PROBLEM DESCRIPTION:
Print exactly and only the lines that run from the one containing "I Got This!" through the end of the material, please, omitting pictures.

DATA IN THIS EXERCISE:

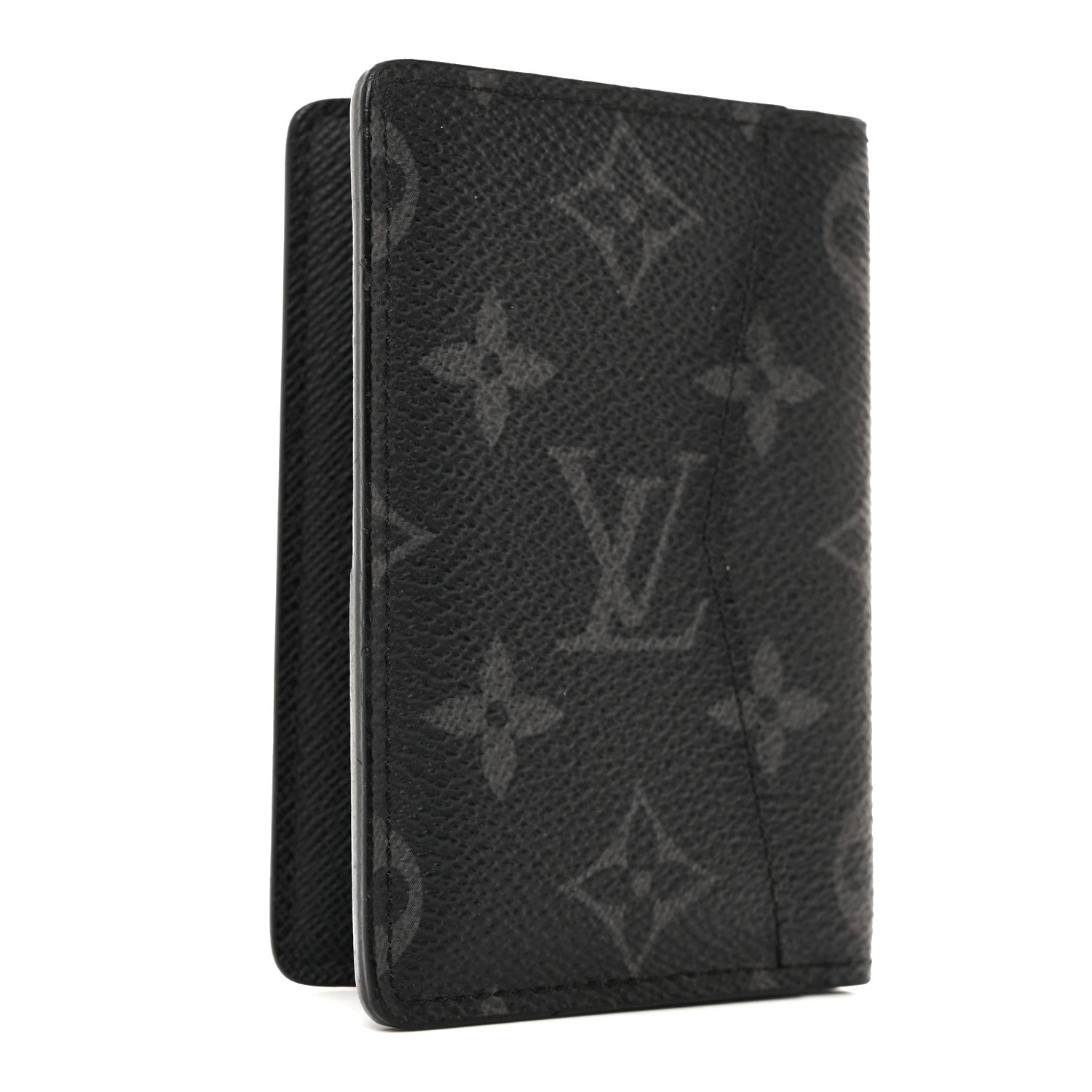 Louis Vuitton LOUIS VUITTON Monogram Eclipse Pocket Organizer NM 3 of 7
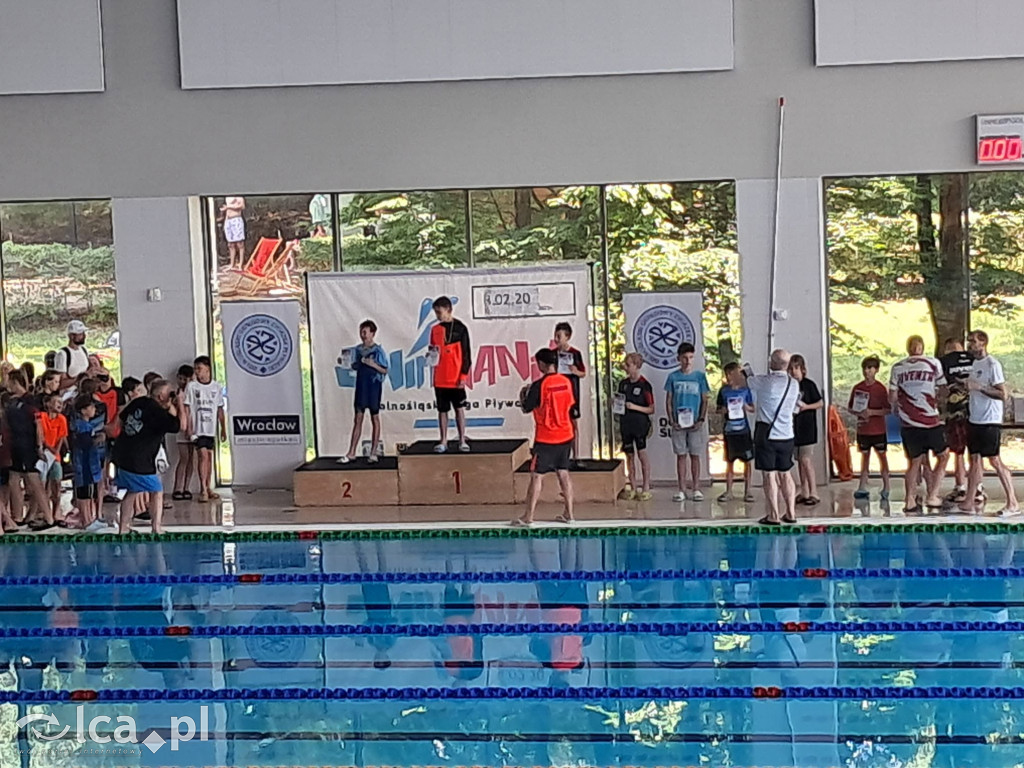 Delfinek Legnica z medalami na mistrzostwach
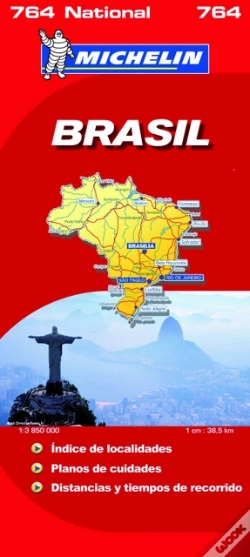 Capa do artigo Mapa Michelin - Brasil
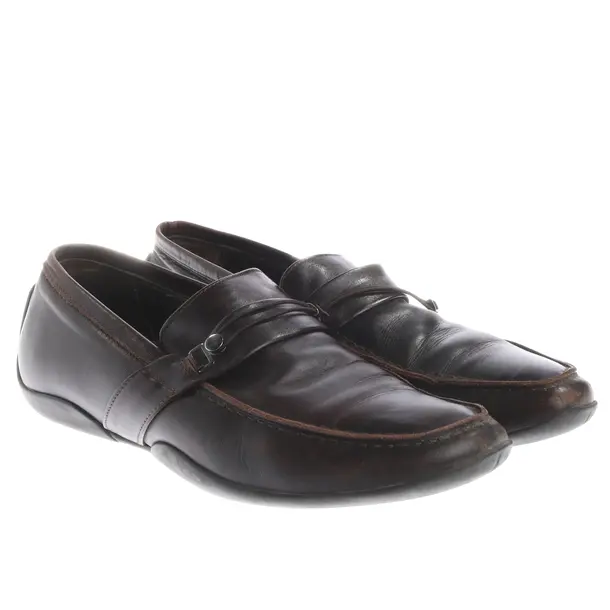 Loafers in Braun, , Max Mara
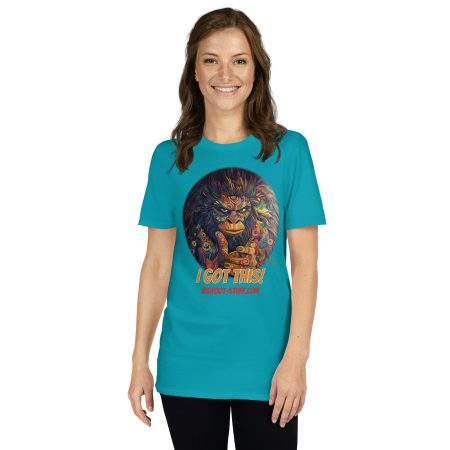 I Got This! 64000 Short-Sleeve Unisex T-Shirt - Image 4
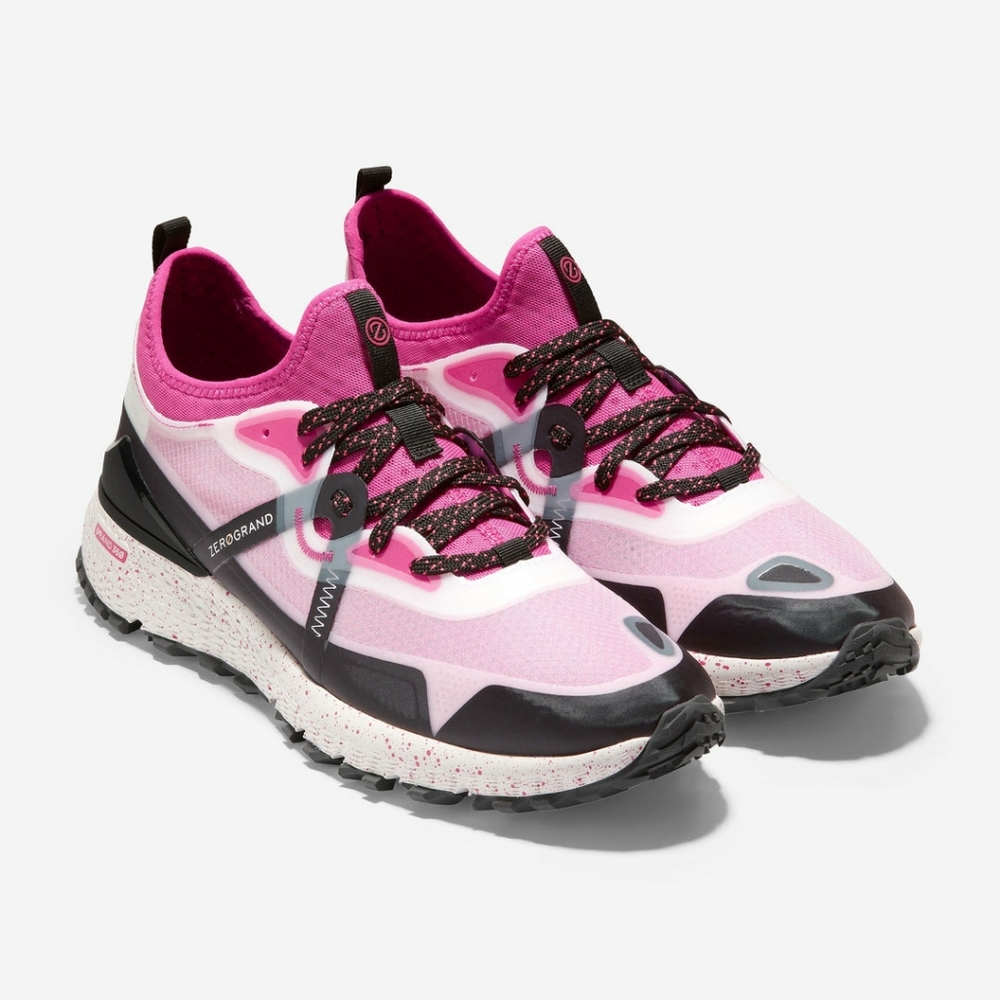 NWT Women's Cole Haan ZeroGrand All Terrain Overtake Run Size 8, Water Resistant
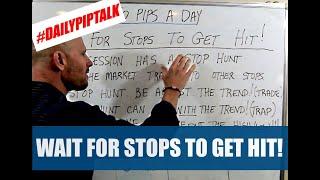 SIMPLE FOREX TRADING - WAIT FOR THE STOP HUNT!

RESULT FOR THIS EXERCISE:
 I Got This! 64000 Short-Sleeve Unisex T-Shirt - Image 4
 NWT Women's Cole Haan ZeroGrand All Terrain Overtake Run Size 8, Water Resistant
 SIMPLE FOREX TRADING - WAIT FOR THE STOP HUNT!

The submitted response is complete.